Ancient History: JBuilder Open Tools

Some years ago, the Java IDE marketplace looked quite different than it does today. VisualAge was very popular. Borland’s JBuilder was another top contender. Since then, many of the good ideas from VisualAge ended up in Eclipse, while the JBuilder of that era was replaced by a newer, Eclipse-based JBuilder. Not everything ended up on Eclipse, though: NetBeans matured to a slick IDE (with its own plugin ecosystem), as did IDEA.

But this post isn’t about today, it’s about a leftover bit of history. Back in that era, I had a section of this web site dedicated to the numerous JBuilder “Open Tools” (plugins) then available. That content is long obsolete and I removed it years ago. Remarkably, this site still gets hits every day from people (or perhaps bots) looking for it.

I agree strongly that Cool URIs don’t change, but that’s OK, because my old JBuilder Open Tools content just wasn’t very cool anyway.

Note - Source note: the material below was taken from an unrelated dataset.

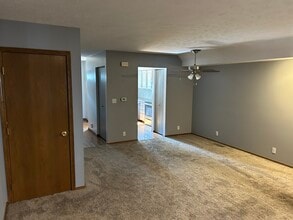 409 S Madison St in Grand Island, NE - Foto de edificio - Building Photo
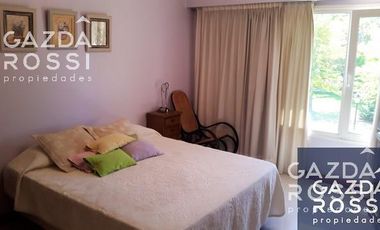 Excelente casa en doble a la venta en Saint Thomas Sur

On the off chance you landed on this page looking for it, here is a Google link for your convenience, or you can take a look at web.archive.org’s snapshot of my old list.

 

Comparing OPML Files, or How to Leave NetNewsWire

Recently I reached a level of excessive frustration with NetNewsWire (Mac) and decided it was time to move on. Problems with NetNewsWire include:

  1. NetNewsWire has no way to sync its subscription list to match your Google Reader subscription list. There is a Merge button in the Preferences that sounds like it should do this, but it does not work correctly. Once your lists get out of sync, they generally stay that way.
  2. NetNewsWire won’t prefetch images referenced in feeds. Without this, it is not useful for the most obvious purpose of a desktop reader: reading without a network connection. That’s a reasonable thing to leave out in early development, but in a mature product? What could they have been thinking?
  3. NetNewsWire fails (silently) to subscribe to Google Alerts feeds, apparently because Google Reader already knows about those feeds… but see #1.
  4. As many other users have reports, NetNewsWire frequently shows a different number of unread items from Google Reader, and no amount of Refreshing makes it match. The sync doesn’t quite work.

But to get rid of NetNewsWire, I needed to verify that I had all my feeds in Google Reader. This was easy:

  1. Export OPML feed list from NNW
  2. Export OPML feed list from Reader
  3. Use a bit of perl regex and diff (below) to extract and compare just the list of feed URLs
  4. Look over the diff, and copy-paste-subscribe the missing ones in Reader

The commands are:

perl -ne '/xmlUrl="([^"]*)"/ && print "$1\n"' <google-reader-subscriptions.xml  | sort >gr.urls
perl -ne '/xmlUrl="([^"]*)"/ && print "$1\n"' <nn.opml  | sort >nn.urls
diff gr.urls nn.urls

… which took much less time and far fewer keypresses than writing this post.

Offline reading is still very useful; at the moment I’m trying a combination of Google Reader, Gruml, and Reeder (iPad). Those work very well – so well that the risk of time-wasting feeds must be managed agressively: drop all but the most important, and don’t look every day.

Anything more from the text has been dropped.